Hedge funds increased their net long positions in Brent and WTI derivatives by 7mn barrels to a record 663mn barrels in the week ending April 26. 
Even though oil prices have already risen by roughly $20 per barrel (70%) from their low in January, hedge funds are more bullish than at any time since oil prices started slumping in the summer of 2014. 
Hedge funds and other money managers held futures and options contracts equivalent to 791mn barrels of crude betting on a further rise in prices and just 128mn barrels gambling on a fall.
The record net long position in crude easily surpasses previous peaks set in May 2015 (572mn barrels) and June 2014 as ISIS fighters threatened the oilfields of Iraq (626mn barrels). 
Large concentrations of long or short positions are often followed by a sharp reversal in prices when holders try to lock in their profits by liquidating some of their positions, triggering a rush for the exit. 
The accumulation of such a large net long position over the last 17 weeks could indicate an increasing risk crude prices will pull back and give up at least some of their recent gains in the short term. 
Crude prices have been closely correlated with the accumulation and liquidation of hedge fund positions in Brent and especially WTI since the start of 2015. 

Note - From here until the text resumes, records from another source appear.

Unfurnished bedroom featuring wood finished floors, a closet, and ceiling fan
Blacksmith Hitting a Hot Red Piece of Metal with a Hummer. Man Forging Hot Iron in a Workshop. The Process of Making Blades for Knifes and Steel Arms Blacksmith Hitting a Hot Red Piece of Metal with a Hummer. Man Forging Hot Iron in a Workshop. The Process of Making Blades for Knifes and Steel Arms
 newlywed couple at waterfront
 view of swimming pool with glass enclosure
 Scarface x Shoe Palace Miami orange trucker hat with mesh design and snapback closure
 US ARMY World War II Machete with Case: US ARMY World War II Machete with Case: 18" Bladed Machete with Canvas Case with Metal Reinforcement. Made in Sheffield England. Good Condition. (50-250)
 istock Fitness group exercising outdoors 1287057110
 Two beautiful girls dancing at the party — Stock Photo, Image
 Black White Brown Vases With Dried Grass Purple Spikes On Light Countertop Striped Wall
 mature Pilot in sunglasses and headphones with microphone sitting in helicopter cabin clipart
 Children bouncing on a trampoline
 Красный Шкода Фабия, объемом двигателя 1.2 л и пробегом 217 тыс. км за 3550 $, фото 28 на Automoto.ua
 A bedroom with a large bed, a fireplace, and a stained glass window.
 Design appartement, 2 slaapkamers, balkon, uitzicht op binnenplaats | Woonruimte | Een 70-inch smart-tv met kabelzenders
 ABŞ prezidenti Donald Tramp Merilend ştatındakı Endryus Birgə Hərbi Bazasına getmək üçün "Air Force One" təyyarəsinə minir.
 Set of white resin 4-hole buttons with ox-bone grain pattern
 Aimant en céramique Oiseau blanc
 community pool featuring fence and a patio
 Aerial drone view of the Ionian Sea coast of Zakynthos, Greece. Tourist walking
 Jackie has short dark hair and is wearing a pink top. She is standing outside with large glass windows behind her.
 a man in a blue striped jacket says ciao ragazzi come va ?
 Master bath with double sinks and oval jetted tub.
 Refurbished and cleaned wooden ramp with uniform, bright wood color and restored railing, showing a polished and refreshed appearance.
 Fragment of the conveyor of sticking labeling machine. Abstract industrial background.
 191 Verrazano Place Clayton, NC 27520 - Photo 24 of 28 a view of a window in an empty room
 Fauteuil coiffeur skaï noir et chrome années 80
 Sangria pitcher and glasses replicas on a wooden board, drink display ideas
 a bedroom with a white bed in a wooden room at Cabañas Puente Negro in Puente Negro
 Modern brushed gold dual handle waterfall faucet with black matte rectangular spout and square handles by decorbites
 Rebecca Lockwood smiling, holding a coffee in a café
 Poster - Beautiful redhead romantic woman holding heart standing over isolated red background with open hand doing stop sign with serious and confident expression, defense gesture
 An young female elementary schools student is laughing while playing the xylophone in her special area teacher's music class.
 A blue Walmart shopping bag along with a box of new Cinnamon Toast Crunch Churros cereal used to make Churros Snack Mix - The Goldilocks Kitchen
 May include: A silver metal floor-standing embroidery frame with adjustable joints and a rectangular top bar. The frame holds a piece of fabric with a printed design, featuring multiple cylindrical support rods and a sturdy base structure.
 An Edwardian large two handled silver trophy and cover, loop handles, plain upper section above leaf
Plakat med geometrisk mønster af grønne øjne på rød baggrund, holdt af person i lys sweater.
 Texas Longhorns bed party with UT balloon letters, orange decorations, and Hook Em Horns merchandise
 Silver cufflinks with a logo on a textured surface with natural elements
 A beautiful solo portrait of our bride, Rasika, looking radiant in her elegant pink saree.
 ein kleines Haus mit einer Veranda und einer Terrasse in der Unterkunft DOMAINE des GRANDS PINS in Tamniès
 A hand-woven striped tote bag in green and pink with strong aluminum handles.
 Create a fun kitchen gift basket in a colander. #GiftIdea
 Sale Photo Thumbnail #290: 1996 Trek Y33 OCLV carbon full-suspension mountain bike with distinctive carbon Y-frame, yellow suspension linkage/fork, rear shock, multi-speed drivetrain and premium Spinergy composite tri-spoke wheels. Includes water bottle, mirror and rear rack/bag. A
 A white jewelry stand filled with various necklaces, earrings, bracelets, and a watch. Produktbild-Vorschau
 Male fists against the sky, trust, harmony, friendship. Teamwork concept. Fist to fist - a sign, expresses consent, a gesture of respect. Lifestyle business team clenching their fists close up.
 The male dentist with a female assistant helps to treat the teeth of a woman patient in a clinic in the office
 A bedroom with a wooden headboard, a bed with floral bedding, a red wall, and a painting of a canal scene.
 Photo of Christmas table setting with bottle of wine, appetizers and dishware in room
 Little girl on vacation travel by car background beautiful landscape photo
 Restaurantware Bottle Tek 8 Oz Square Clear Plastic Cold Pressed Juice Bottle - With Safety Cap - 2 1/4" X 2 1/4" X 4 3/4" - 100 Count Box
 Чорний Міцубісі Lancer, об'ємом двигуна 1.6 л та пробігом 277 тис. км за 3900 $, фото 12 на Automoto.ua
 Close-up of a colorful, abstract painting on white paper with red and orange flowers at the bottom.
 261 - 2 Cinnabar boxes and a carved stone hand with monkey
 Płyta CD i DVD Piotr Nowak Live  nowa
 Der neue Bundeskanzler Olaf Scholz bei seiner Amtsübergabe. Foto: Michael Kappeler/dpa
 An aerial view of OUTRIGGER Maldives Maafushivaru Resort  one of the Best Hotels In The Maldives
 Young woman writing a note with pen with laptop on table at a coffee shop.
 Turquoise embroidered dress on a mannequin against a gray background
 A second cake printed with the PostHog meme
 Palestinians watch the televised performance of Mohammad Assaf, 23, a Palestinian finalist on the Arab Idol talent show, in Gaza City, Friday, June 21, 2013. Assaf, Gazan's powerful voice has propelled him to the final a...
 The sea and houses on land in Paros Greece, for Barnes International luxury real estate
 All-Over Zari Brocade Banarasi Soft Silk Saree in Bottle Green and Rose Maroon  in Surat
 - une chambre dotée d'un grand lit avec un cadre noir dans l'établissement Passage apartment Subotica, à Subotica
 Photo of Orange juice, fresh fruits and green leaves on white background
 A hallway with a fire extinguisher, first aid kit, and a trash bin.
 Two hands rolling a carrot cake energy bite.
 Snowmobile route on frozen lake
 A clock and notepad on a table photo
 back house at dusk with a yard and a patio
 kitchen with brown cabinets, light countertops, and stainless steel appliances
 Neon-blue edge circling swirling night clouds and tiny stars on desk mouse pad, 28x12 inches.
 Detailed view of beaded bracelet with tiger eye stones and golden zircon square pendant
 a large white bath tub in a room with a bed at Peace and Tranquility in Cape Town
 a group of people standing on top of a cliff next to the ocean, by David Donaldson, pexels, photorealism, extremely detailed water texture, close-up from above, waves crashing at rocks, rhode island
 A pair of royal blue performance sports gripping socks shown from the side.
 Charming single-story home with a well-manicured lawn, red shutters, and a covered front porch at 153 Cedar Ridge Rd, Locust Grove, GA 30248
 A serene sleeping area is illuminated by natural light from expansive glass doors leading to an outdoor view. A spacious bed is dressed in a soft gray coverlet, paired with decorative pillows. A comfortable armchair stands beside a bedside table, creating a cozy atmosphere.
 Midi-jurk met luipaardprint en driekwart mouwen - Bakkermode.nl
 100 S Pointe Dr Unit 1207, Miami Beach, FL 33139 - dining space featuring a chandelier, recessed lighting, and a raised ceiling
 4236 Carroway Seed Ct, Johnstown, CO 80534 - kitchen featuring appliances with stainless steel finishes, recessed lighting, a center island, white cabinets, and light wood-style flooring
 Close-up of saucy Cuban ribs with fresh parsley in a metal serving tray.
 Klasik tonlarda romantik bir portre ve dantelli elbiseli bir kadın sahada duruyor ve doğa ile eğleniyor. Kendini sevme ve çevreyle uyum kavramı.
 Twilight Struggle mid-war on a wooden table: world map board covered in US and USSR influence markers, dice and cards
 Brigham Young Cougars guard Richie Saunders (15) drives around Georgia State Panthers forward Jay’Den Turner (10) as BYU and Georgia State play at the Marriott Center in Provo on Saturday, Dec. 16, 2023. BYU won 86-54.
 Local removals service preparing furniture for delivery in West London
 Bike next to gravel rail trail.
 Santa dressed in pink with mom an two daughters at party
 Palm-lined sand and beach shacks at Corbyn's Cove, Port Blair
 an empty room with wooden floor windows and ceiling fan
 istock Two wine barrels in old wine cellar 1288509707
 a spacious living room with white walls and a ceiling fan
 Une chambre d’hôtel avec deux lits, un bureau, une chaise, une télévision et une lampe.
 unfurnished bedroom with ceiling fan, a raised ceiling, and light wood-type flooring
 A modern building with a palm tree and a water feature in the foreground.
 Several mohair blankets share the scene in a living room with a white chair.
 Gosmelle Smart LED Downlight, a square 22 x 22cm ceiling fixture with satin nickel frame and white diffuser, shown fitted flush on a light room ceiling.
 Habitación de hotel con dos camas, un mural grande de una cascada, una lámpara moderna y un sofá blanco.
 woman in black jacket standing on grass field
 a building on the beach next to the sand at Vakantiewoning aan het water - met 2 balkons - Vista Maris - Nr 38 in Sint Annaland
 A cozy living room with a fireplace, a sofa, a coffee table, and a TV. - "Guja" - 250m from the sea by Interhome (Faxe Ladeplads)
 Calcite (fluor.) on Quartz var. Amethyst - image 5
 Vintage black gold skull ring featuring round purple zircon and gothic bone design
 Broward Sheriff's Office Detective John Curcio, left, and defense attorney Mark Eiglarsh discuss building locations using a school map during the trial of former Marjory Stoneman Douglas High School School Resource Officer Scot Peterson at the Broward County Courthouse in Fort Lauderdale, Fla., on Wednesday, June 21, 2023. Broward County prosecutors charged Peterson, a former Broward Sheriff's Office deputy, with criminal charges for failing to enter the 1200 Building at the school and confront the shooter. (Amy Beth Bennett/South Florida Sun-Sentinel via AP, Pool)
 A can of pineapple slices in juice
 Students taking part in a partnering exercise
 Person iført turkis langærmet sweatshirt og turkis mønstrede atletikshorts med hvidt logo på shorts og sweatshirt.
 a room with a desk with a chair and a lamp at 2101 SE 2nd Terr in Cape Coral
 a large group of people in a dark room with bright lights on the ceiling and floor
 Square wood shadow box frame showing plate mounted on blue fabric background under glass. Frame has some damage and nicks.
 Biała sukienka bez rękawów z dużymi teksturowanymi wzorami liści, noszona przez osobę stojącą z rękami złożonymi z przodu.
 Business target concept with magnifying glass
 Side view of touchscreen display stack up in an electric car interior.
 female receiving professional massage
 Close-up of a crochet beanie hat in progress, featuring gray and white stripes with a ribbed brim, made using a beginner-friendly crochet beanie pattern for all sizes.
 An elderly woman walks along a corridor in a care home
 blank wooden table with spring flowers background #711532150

Traders and analysts are divided over whether hedge funds and other money managers are now fully invested in crude, heightening the risk of reversal, or could still increase their position further. 
Since the start of the year, hedge funds have added almost 195mn barrels of additional long positions in Brent and WTI, while cutting short positions by 235mn. 
The brutal squeeze on former hedge fund short positions has been at least as important as the emergence of fresh long positions in pushing prices higher. 
But with hedge fund short positions down from a recent peak of 392mn barrels in the second week of January to just 128mn barrels there are not many more short positions to squeeze. 
On the long side, hedge funds have already amassed a record number of contracts. Past experience indicates that this could be a close to their maximum position. But oil prices are less than half of the level that they were in June 2014, so the dollar amount of hedge fund positions is still relatively modest, which could indicate they have further scope to add long positions. 
On balance, the hedge funds’ record net long position has shifted the balance of price risks towards the downside in the short term. 
But it has to be set against the fundamental supply-demand picture, where the balance of risks appears to be shifting to the upside (“Oil rally is not just about hedge funds”, Reuters, April 29). 
US gasoline consumption averaged 9.2mn barrels per day in February, stronger than expected, according to monthly data published by the US Energy Information Administration on April 29. 
US gasoline consumption is running at a record for the time of year.
Record gasoline consumption in the US is consistent with separate data showing traffic volumes on US highways rising by between 5% and 6% year-on-year in February. Even if the strength of implied gasoline demand and driving in February was flattered by baseline effects, there is no doubting the underlying strength of fuel demand from US motorists. At the same time, US oil production has fallen by more than 3% over the last 12 months and is down almost 570,000 barrels per day (6%) from its peak (“Petroleum Supply Monthly”, EIA, April 29). 
So far this year, the hedge funds and market fundamentals have both been pushing in the same direction. 
The liquidation of previous hedge fund short positions and accumulation of long ones has accelerated a rise in crude prices that would probably have occurred in any event given the gradual rebalancing of the physical crude market. 
But it is no longer obvious hedge funds and fundamentals will work in the same direction in the next couple of months. 
There is now some tension between hedge fund positioning (which suggests price risks are biased to the downside in the short term) and the tightening supply-demand balance (which indicates price risks could still be tilted to the upside).


*John Kemp is a Reuters market analyst. The views expressed are his own.